The genius of the checkpoint system in racing games is that it is self-deprecating. I don’t mean that it makes jokes about how fat it is, I mean that it’s a mechanic that automatically becomes irrelevant with time. As the player gets better and is able to hit each checkpoint consistently, he accumulates time so that future checkpoints are easier. Eventually the checkpoints themselves have no effect on the game; the player hits every one of them, and they cease to be an important game mechanic. But by that point, they’ve already done their job: they’ve taught the player how to play well enough that he doesn’t need them any more.
So what’s the lesson here? The lesson is that games have to provide a level of difficulty that is appropriate to a wide range of player skills. The racing approach accommodates both newbie players and veterans by providing two separate challenges within the same game space.

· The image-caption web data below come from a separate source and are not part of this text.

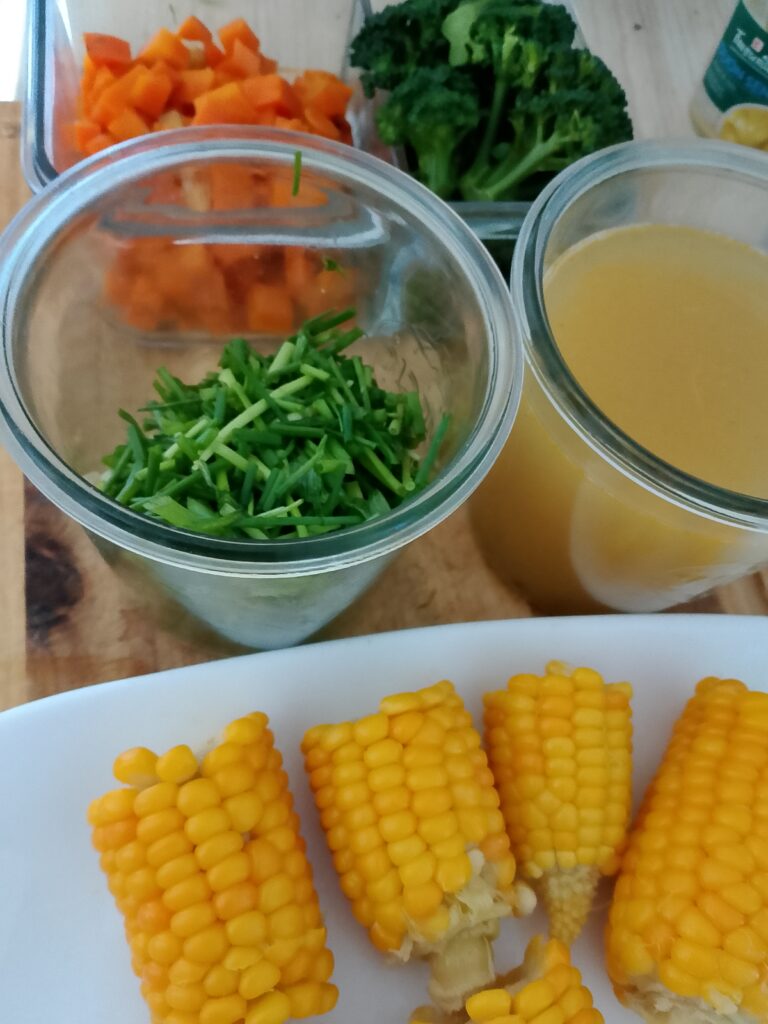 How to meal prep vegetables for the week by cooking prepared garden vegetables in broth until tender, then draining them and serving or storing them separately.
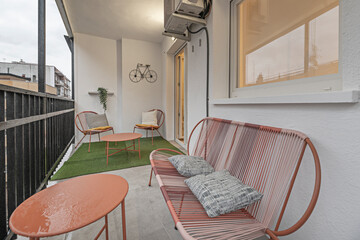 Obraz premium Urban garden terrace with artificial turf, herb planters, and an automated irrigation system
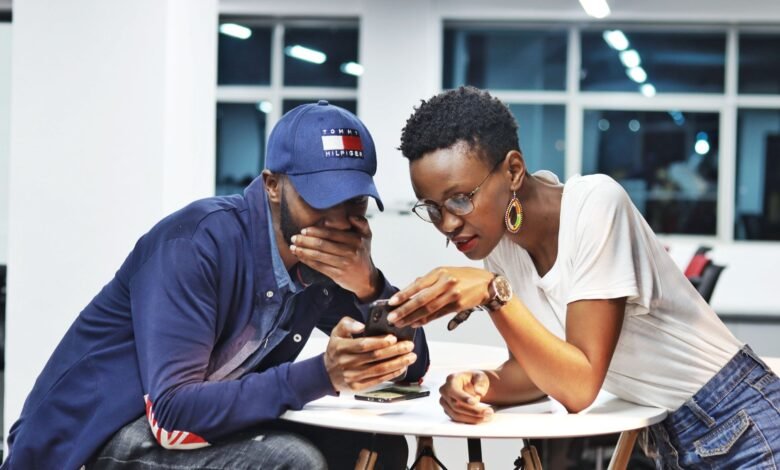 man and woman looking at smartphone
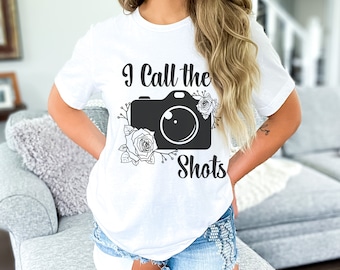 May include: White t-shirt with black text that reads "I Call the Shots" and a black silhouette of a camera with white floral accents.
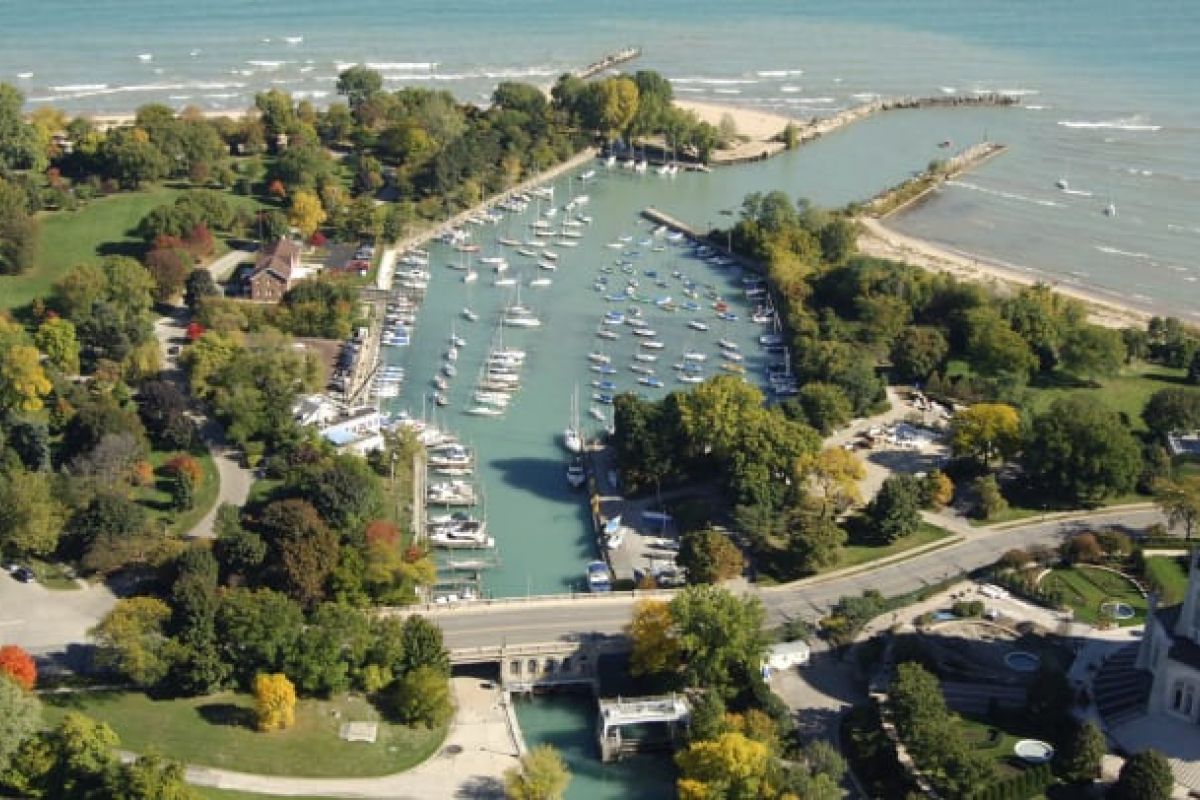 Optima Verdana luxury apartment with Aerial view of Wilmette marina with boats, surrounded by trees and shoreline, reflecting the area's rich history on a sunny day.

Players who know what they are doing can jump right in, but players who are new to the game still have a way to get enjoyment out of it.
So if you’ve read this whole thing and have been patiently waiting for me to tie this back in to horror games, this paragraph is for you. Horror games often (but not always) produce a similar effect by combining game play challenge with interesting content. The story, art, and characters in horror games are often the reason that the newbie player is willing to die over and over again without giving up on the game; instead of providing a type of challenge that is specifically geared towards inexperienced players, horror games seek to avoid frustration by being thematically interesting. Sometimes this works; Resident Evil has a very steep difficulty curve and obtuse controls, and yet the game is loved by all sorts of gamers because the story succeeds in hooking the player long enough for them to get good at the game mechanics. And that’s the ultimate goal: to keep the player from giving up on the game before he’s had a chance to really understand how to play.
The classic arcade racing game formula
finally gets the praise it deserves!
It is old but there is also NOTHING WRONG
with it. Games that try to discard it like
LA Rush and Burnout Paradise just don’t work
for me.
I thought that rallys and F1 had checkpoints? If only for TV coverage? I may be wrong.
Maybe that’s why Rule of Rose seperates a lot of survival horror fans.
It’s difficult to play due to its all too obvious faults in combat and camera, so players are unknowingly sorted into two catergories: those who thought the story and characters were worth the effort and those who didn’t.